Your idea can not work unless the data that you feed the language model with correlated items. It can't. Imagine I feed a predictor with a long list of images on the one hand and, on the other hand, a long list of randomly ordered image descriptions that may or may not match the images. Do you think you could learn a foreign language that way? You absolutely need the image of a donkey be associated with the name for that animal in the foreign language, and the algorithm is no different.

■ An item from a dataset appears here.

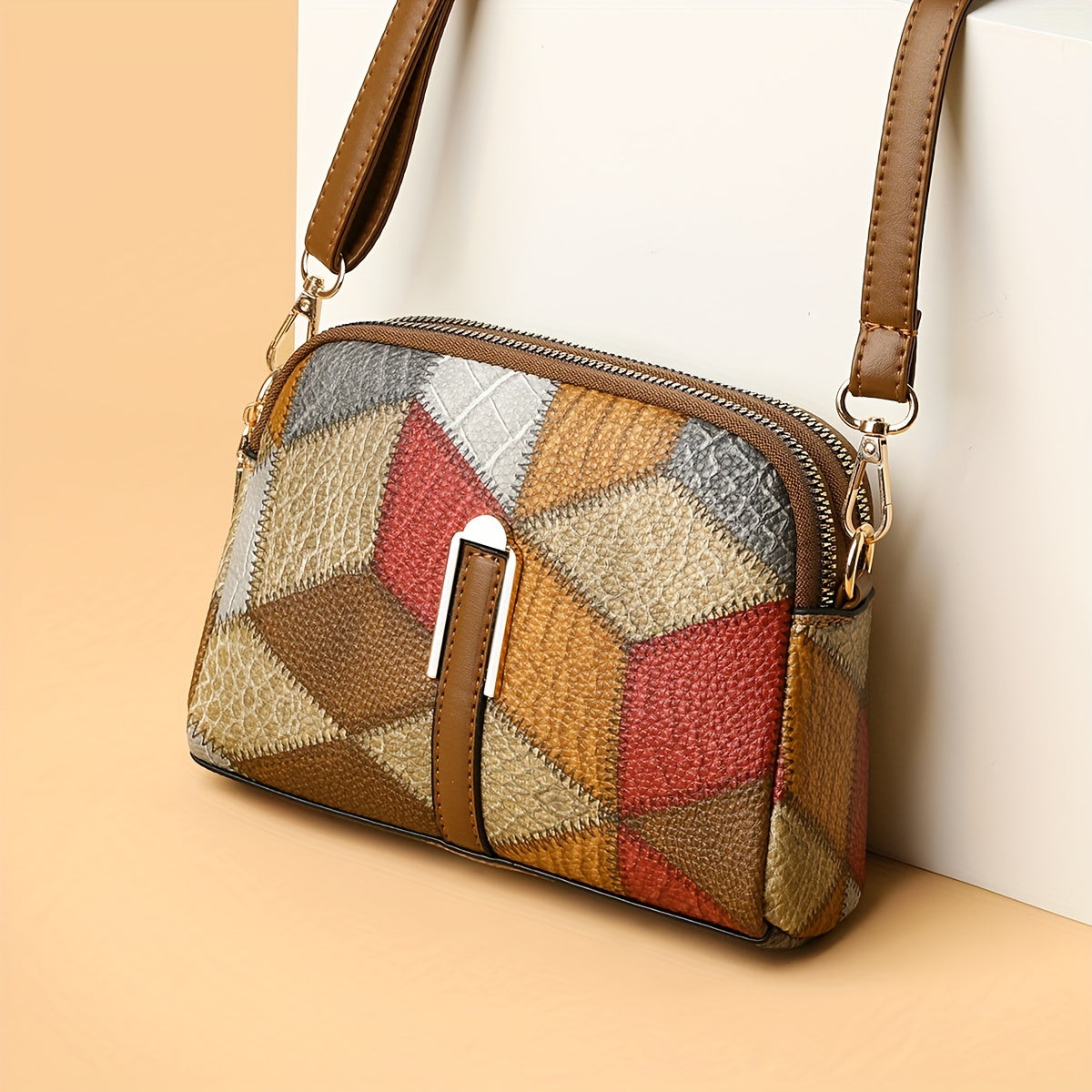 Colorblock Crossbody Bag with Rhombus Print Shoulder Purse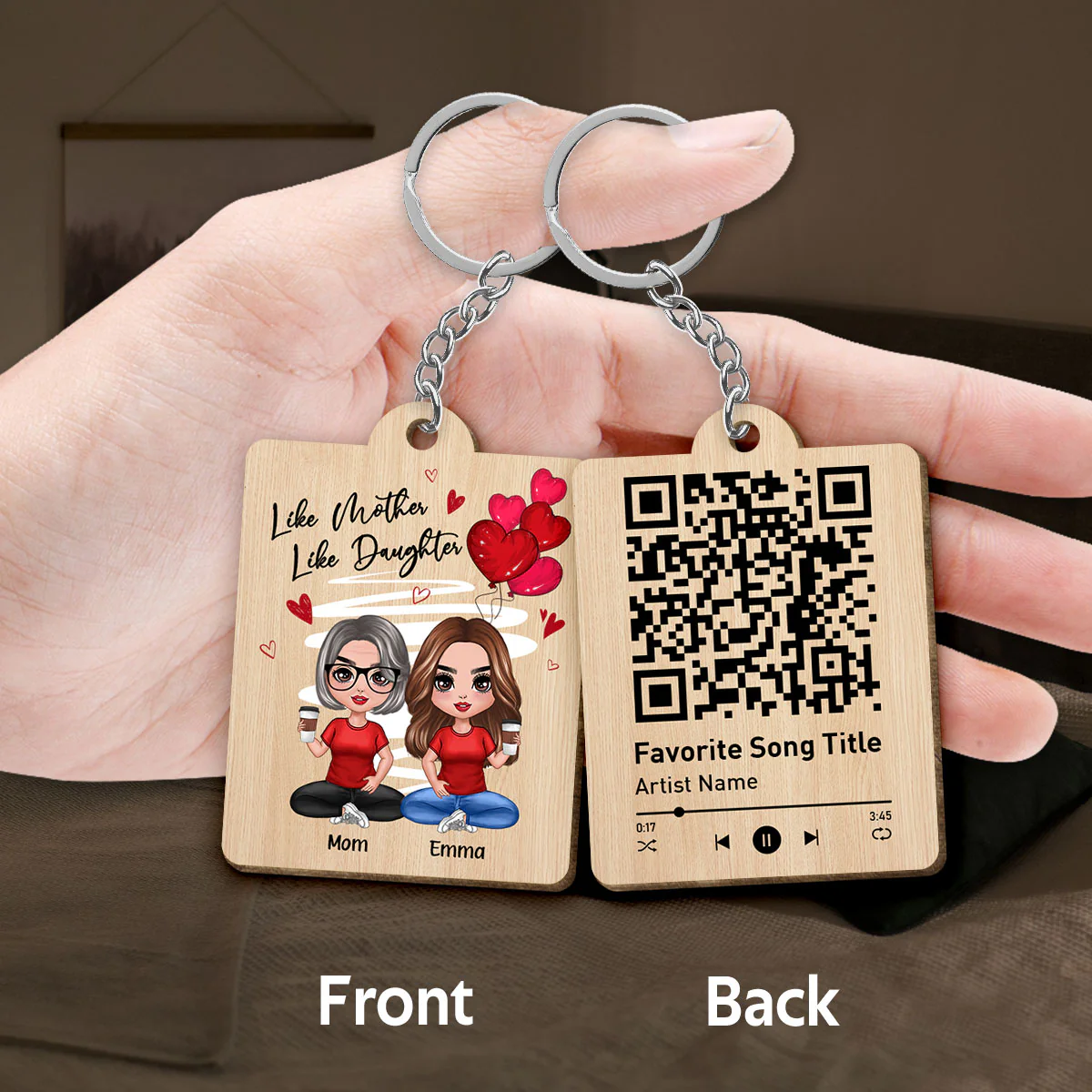 Red Hearts Like Mother Like Daughters Doll Favorite Song Scannable QR Code Gift For Mom Daughters Matching Personalized Wooden Keychain - Image 3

It's something I've often thought about in the way that the Voyager record was built and Sagan's Cosmos novel assumes it and many others. Even recently, the novel Project Hail Mary borrowed that assumption that math is enough shared language to bootstrap understanding. I think the movie Arrival did some of the best work of showing why that wouldn't necessarily work, but also had the language in question designed by a mathematician and still fell into some parts of the assumption/trope. I'm not saying any of these examples are bad for doing this, I certainly love them all. It's still a small something worth criticizing.
It's certainly not a bad thing to want to communicate math, and to hope that things like Pi are "constant enough" to provide bootstraps to other communications, but it's also such a fascinating thing how much science fiction thinking (and real world scientific thinking such as the Voyage Record) think that you can just sort of "yada yada yada" your way from "so we established communications of basic mathematical constants and concepts" directly as a straight line of some sort to "now we can communicate all sorts of other things".
> here we've already reached the end of what a text per se can tell you about its meaning if the signs are not clearly pictorial
Note that language models today seem to be quite good at understanding English, even though they are only trained on symbolic text, not on any images.